もうこのアクションが理屈を超えて「感覚で」気持ちいい。だから飛べない人はみんなスパイダーマンが好きになると思います。

 

何より、そもそもスパイダーマンは「親愛なる隣人」というキャッチが付いているような親しみやすいヒーロー。自由自在に空を飛ぶでもなく、見ていてちょっと危なかっしくなってしまうウェブ・スイングの方が似合っているんです。

 

つくづくスパイダーマンの「糸」というのは画期的で、移動・攻撃・サポート・トラップと何でもござれ。

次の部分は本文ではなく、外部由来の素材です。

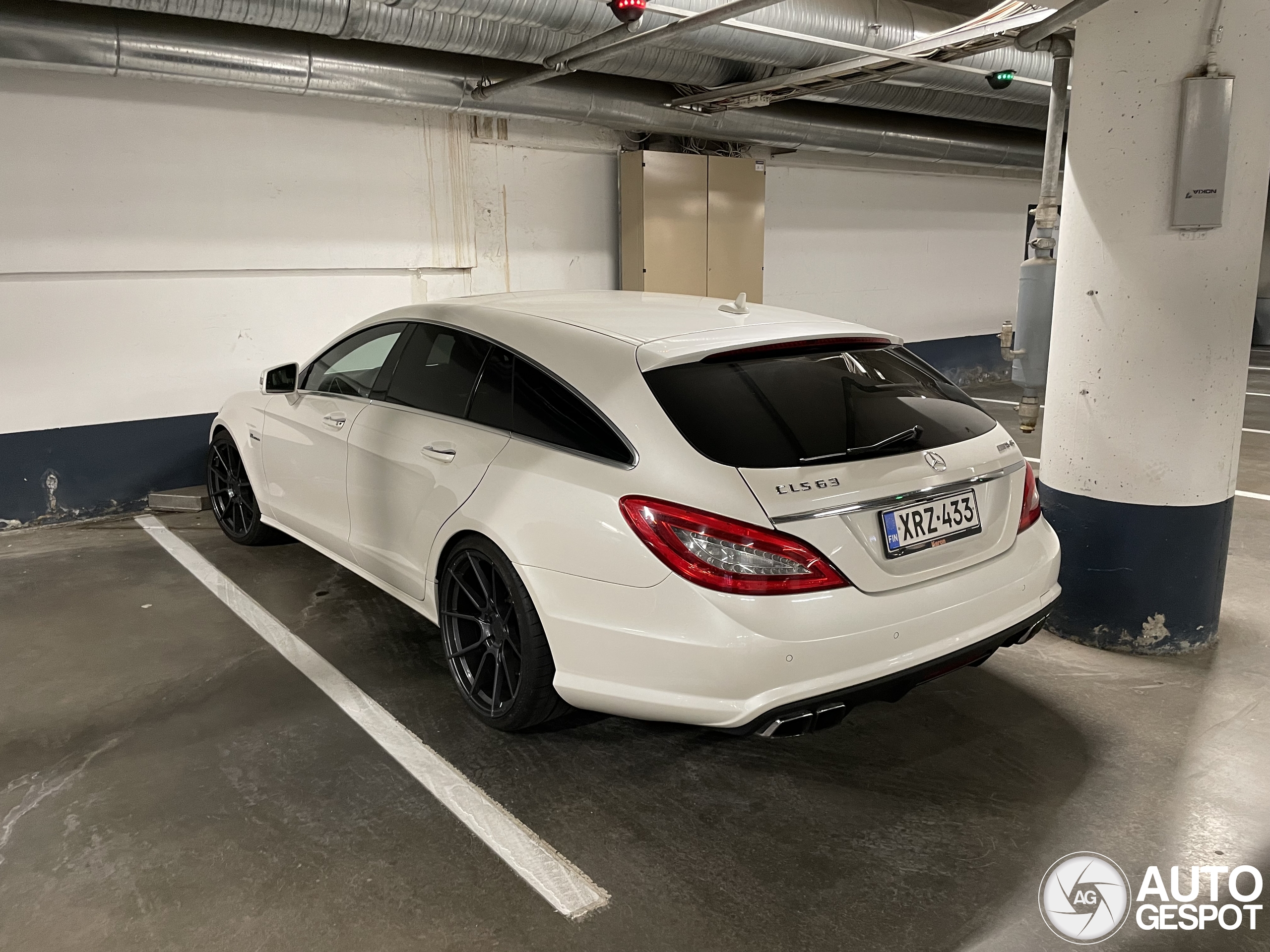 Mercedes-Benz CLS 63 AMG X218 Shooting Brake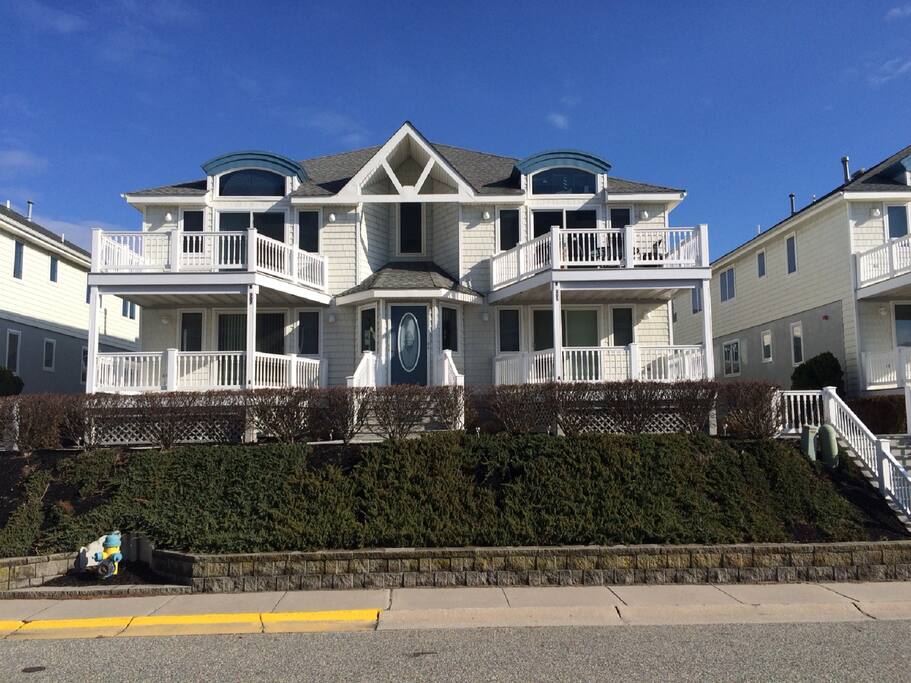 Front of the building (top right is the unit)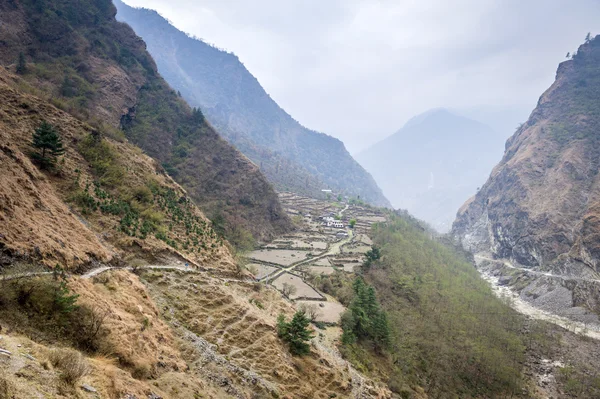Horská krajina v nepálštině — Stock fotografie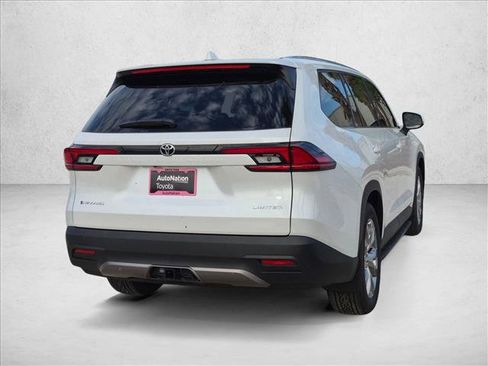 New 2026 Toyota Grand Highlander AWD Hybrid image 2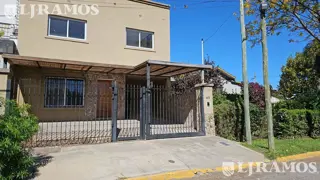 Casa a estrenar con 4 dormitorios en venta en Rincón de Milberg. foto 1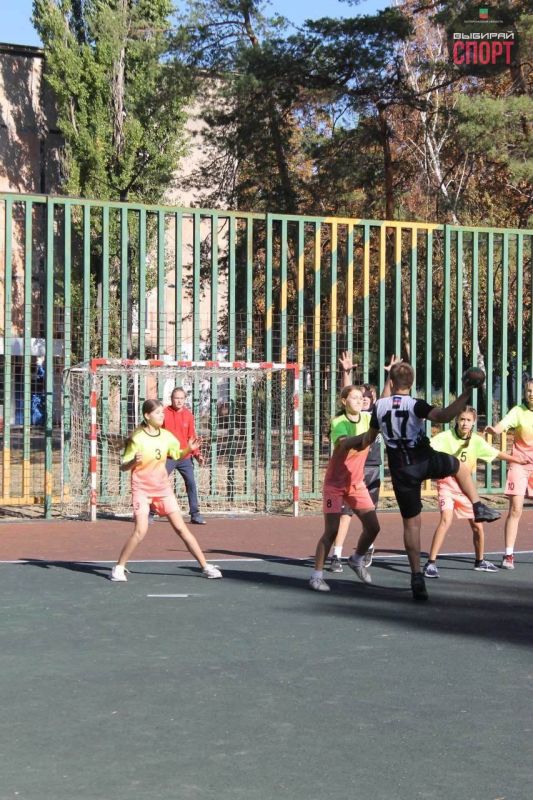 Юные гандболисты Мелитополя привезли медали с Открытого первенства г. Харцызска (ДНР)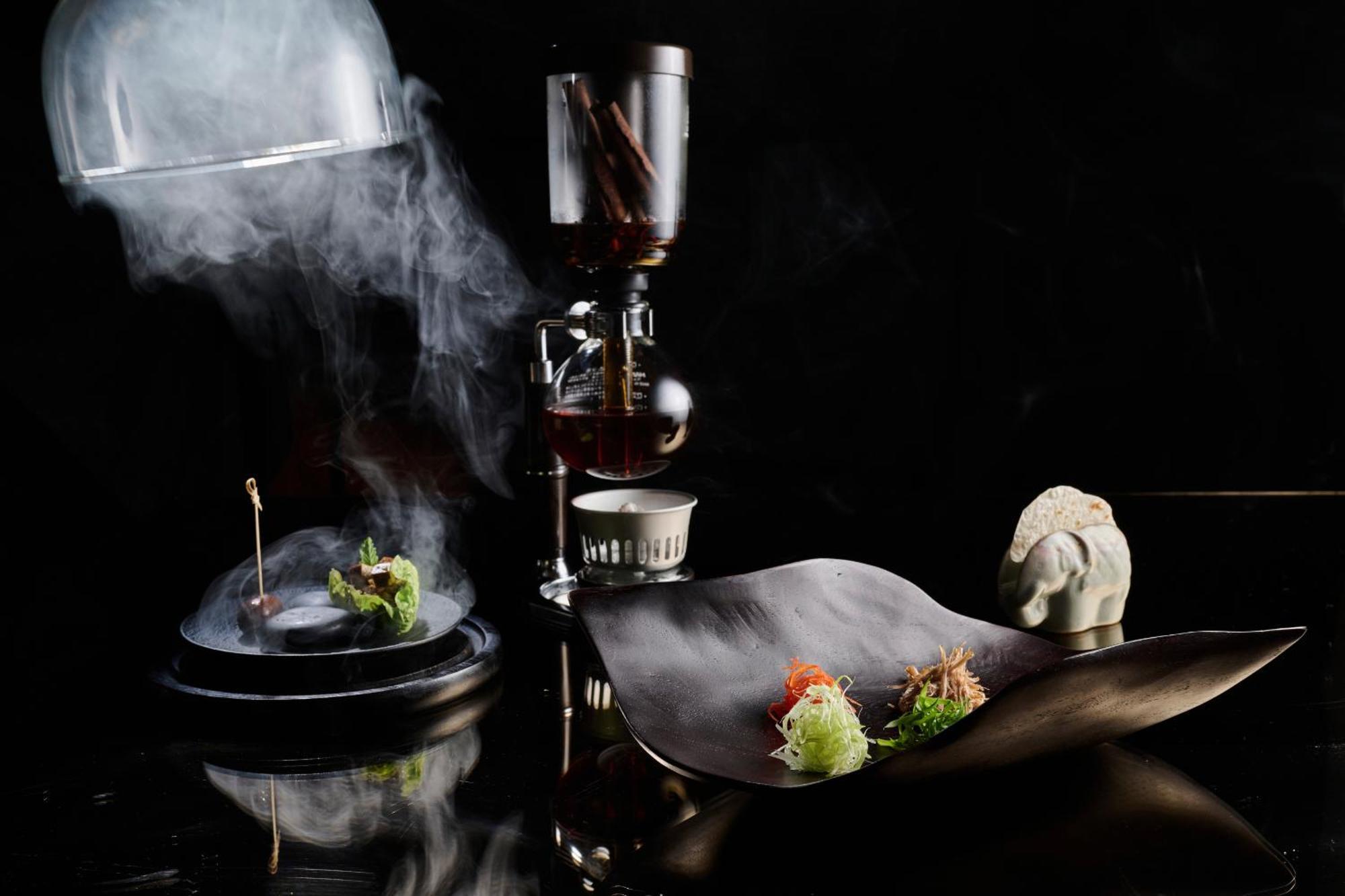 Siam Kempinski Hotel Bangkok Kültér fotó A siphon coffee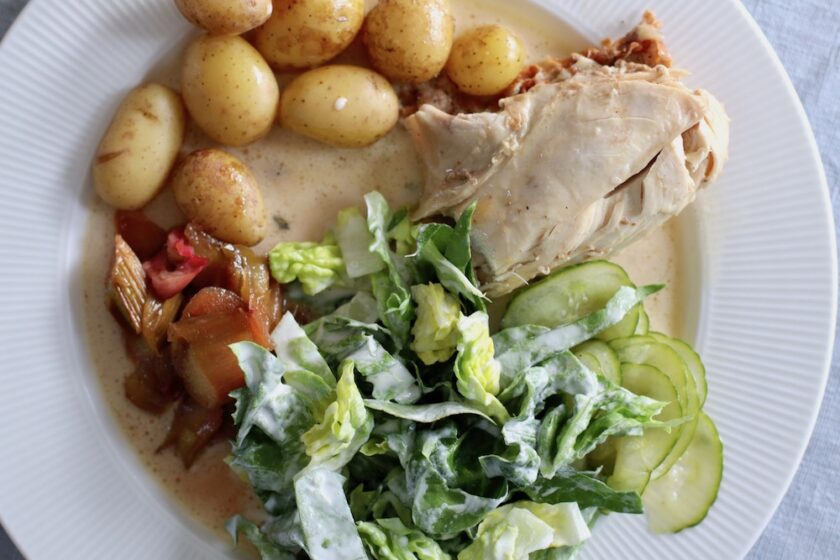 Grydestegt kylling med det hele rabarberkompot agurkesalat mormorsalat Bagvrk.dk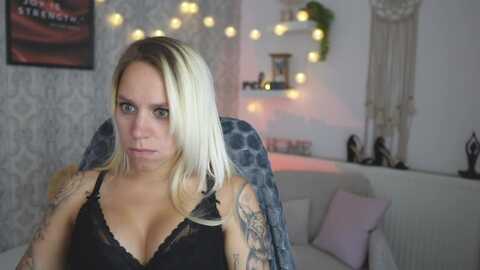 cherry__blond @ myfreecams on 20230831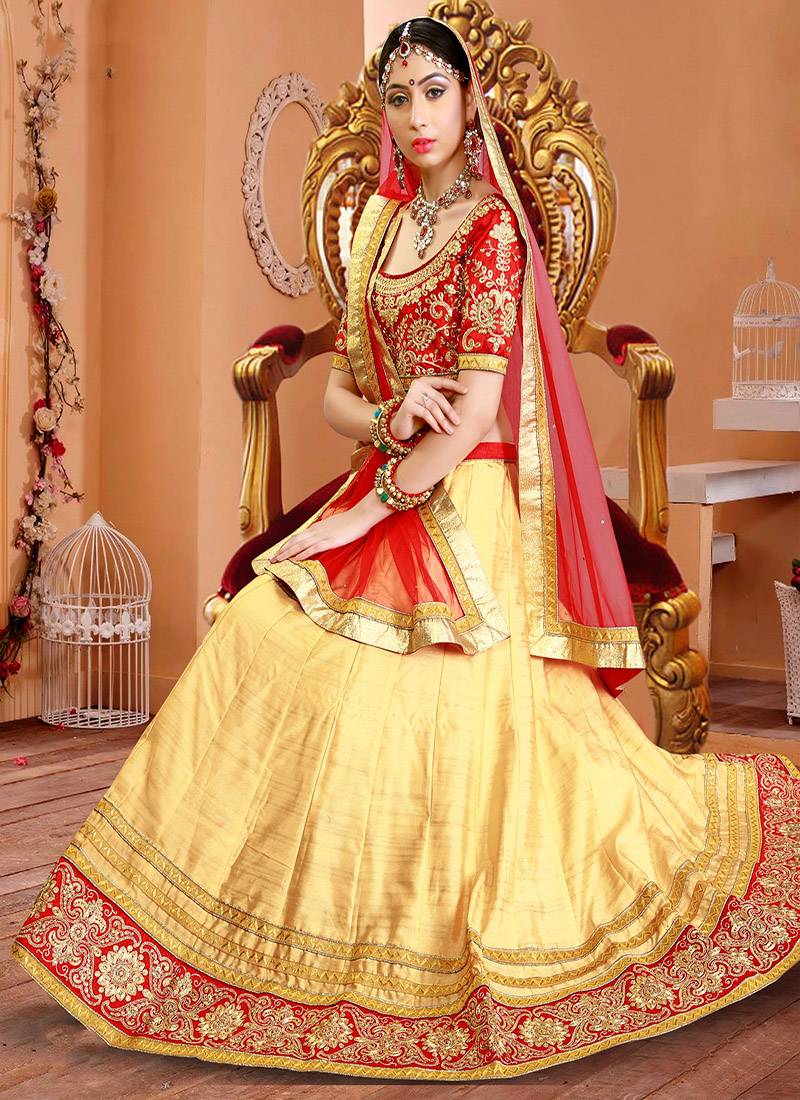 Yellow embroidered silk semi stitched lehenga Monjolika 3197142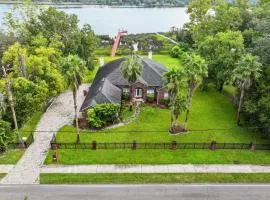 Riverfront Escape! Private Pier, 4 BR Home and Room to Entertain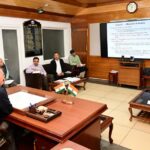 सीबीएसई स्कूलों के ड्रेस कोड, यूनिफॉर्म और भवनों के लिए विशिष्ट रंग योजना शीघ्र होगी निर्धारितः मुख्यमंत्री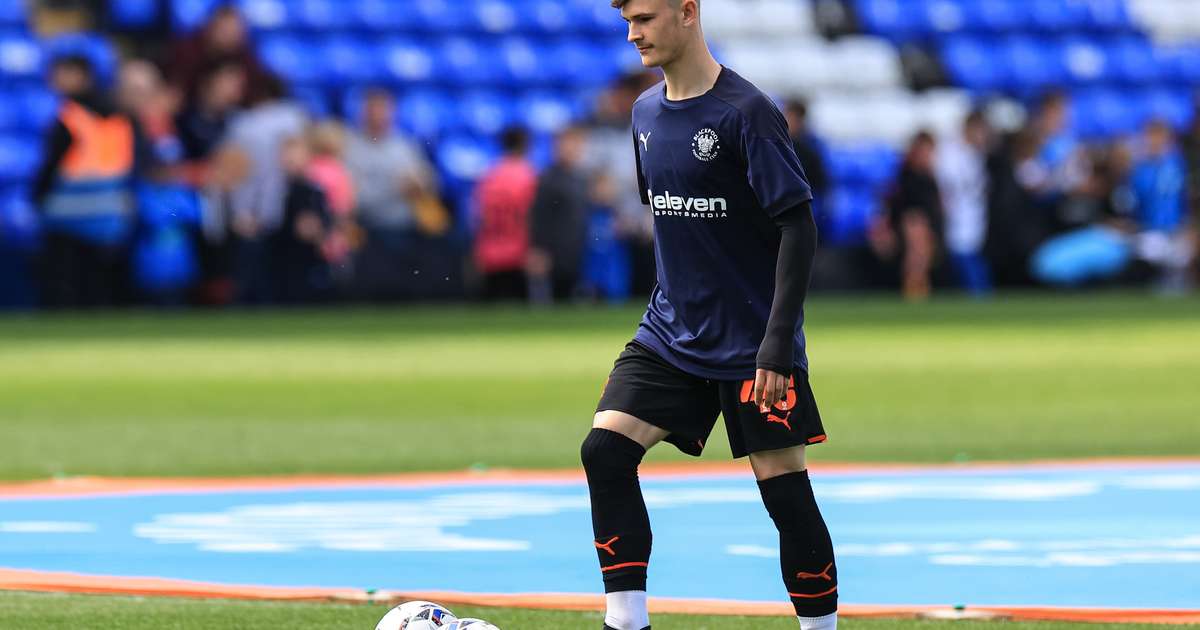 Atacante Jake Daniels Do Time Ingl S Blackpool Anuncia Que Gay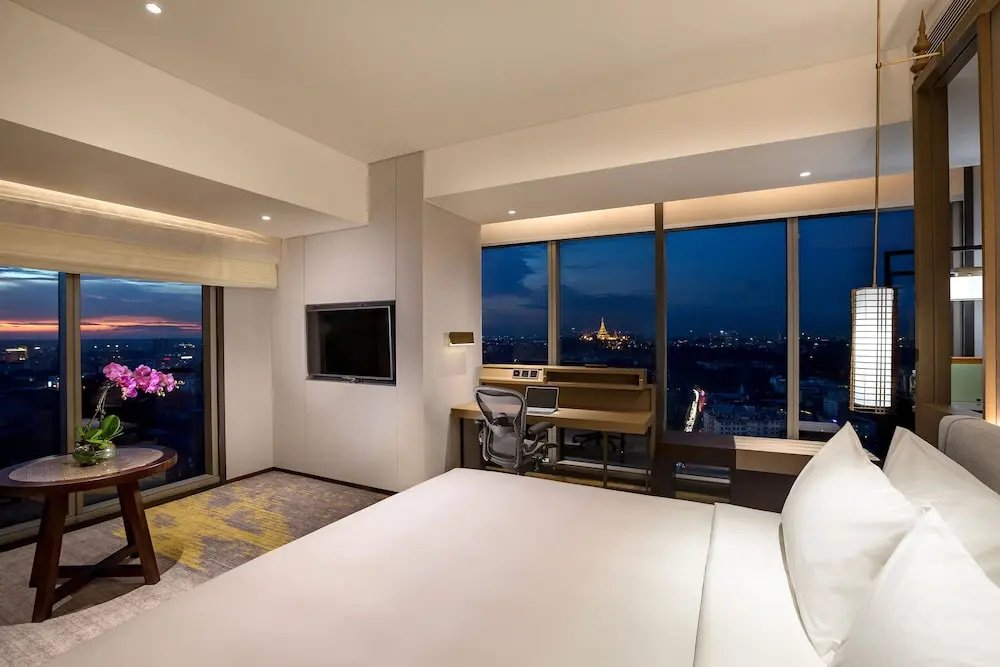 Premier room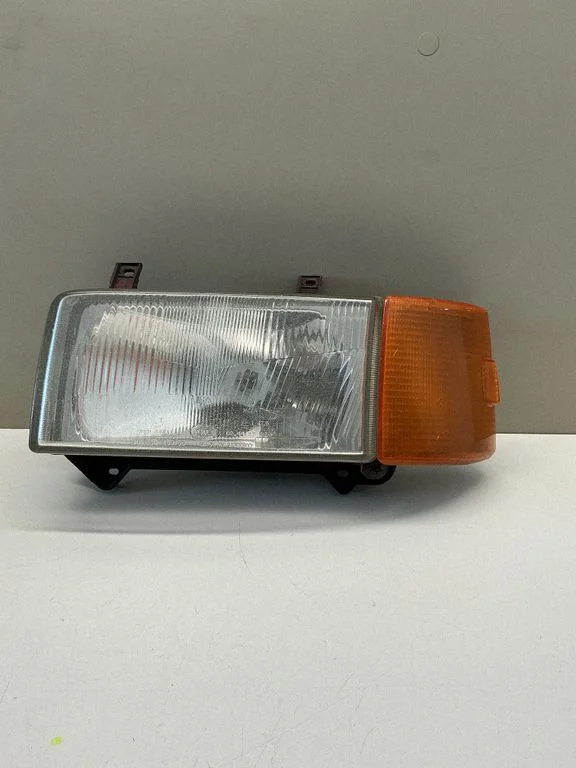 Headlight/headlamp 30213636900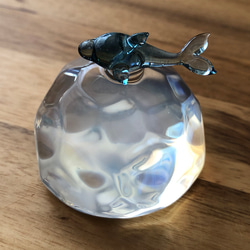 イルカ泳ぐ❇︎ 海色ガラス❇︎ 水面模様のガラスオブジェ（ペーパーウェイトなどに） 9枚目の画像
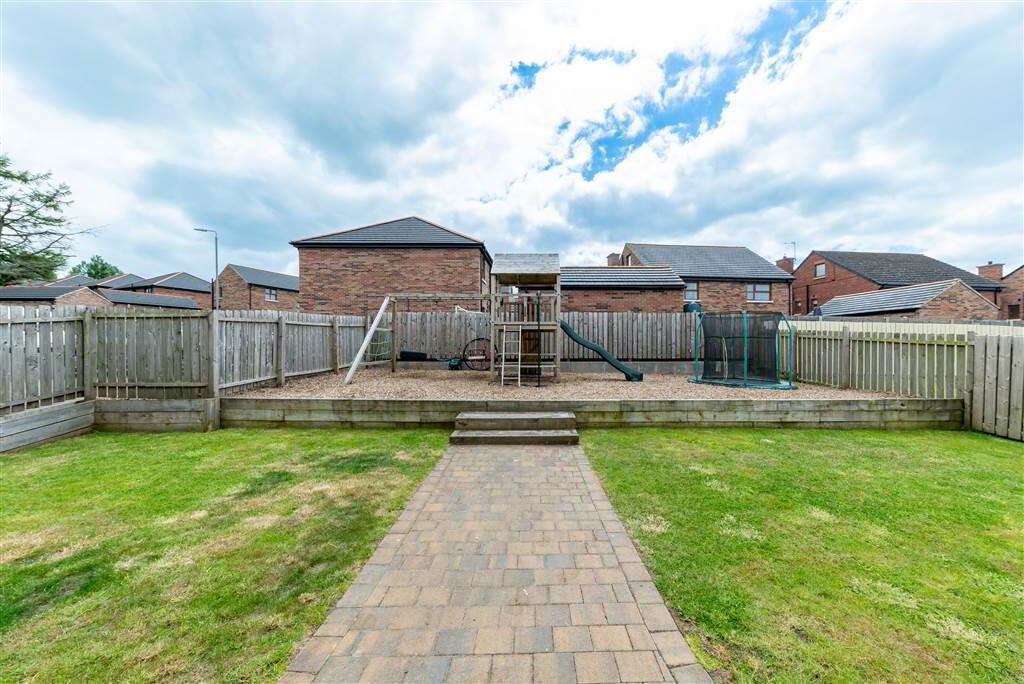12b Glen Road 34 of 39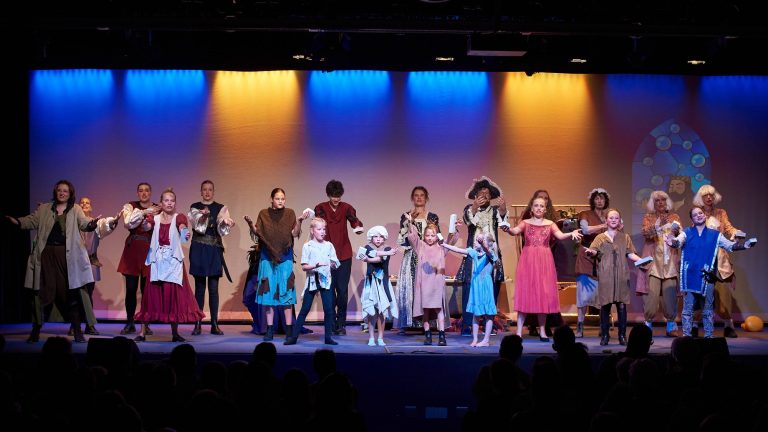Première van OnS Theater: ‘Bubbel, een soapstory’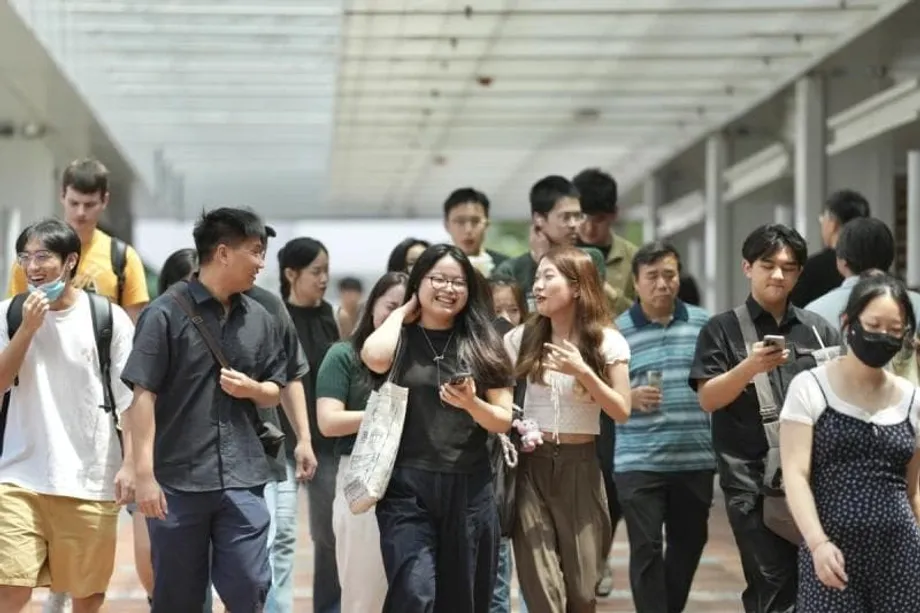 留学先がアジアへシフトするなか、香港とシンガポールが留学生獲得を競う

良いアクションゲームは一つのアクションに色んな意味が込められているもの、といつかあるブログで見たのですが(マリオの『ジャンプ』やスプラトゥーンの『塗る』など)詳しくはこちらをお読みください。やや本題から外れますが、とても面白い。

 

マリオのジャンプはなぜ優れているのか?そしてスプラトゥーンはなぜ「面白そう」なのか? - 枯れた知識の水平思考

最後にまとめよう。「スプラトゥーン」が面白そうに見える理由。それはアクションはシンプルなのに、アクションが起こす結果に幅があるからだ。それは、一つのアクションに複数の機能を込めるというマリオのジャンプに通じるゲームデザインによって発生する幅の広さである。もっと簡単に言ってしまえば、間口が広そうで、敷居は低そうなのに、奥行きは深く見えるようにきっちりデザインされているからである。

 

「糸」もそういうことです。ゲームも面白かった。

 

 

次。

 

・主眼はいつだってヒーローと人の間にある

 

インターネット技術の発達により(この書き出しが古すぎるのはさておき)、人は自分の人格が一つでないことに、人生で一度は気付くようになったんじゃないんでしょうか。

 

アカウントを複数作ったり、匿名だと言葉遣いが変わったり。そしてこれはずっとそうですが、ヒーローたちもみんな同じです。

スパイダーマンはずっとそこに向き合ってきたし、だからこそ海外でも人気があるし、普遍的です。むしろ、いつの時代にもよりポピュラーになる可能性を内蔵したヒーローであると言っても良い。

 

僕は子どもとヒーローの関係が凄く好きです。無垢で無謀な憧れがたまらなく愛おしいから、『スパイダーマン2』の火事現場とか、『アメイジング2』のラストだとか、無条件で愛してしまう。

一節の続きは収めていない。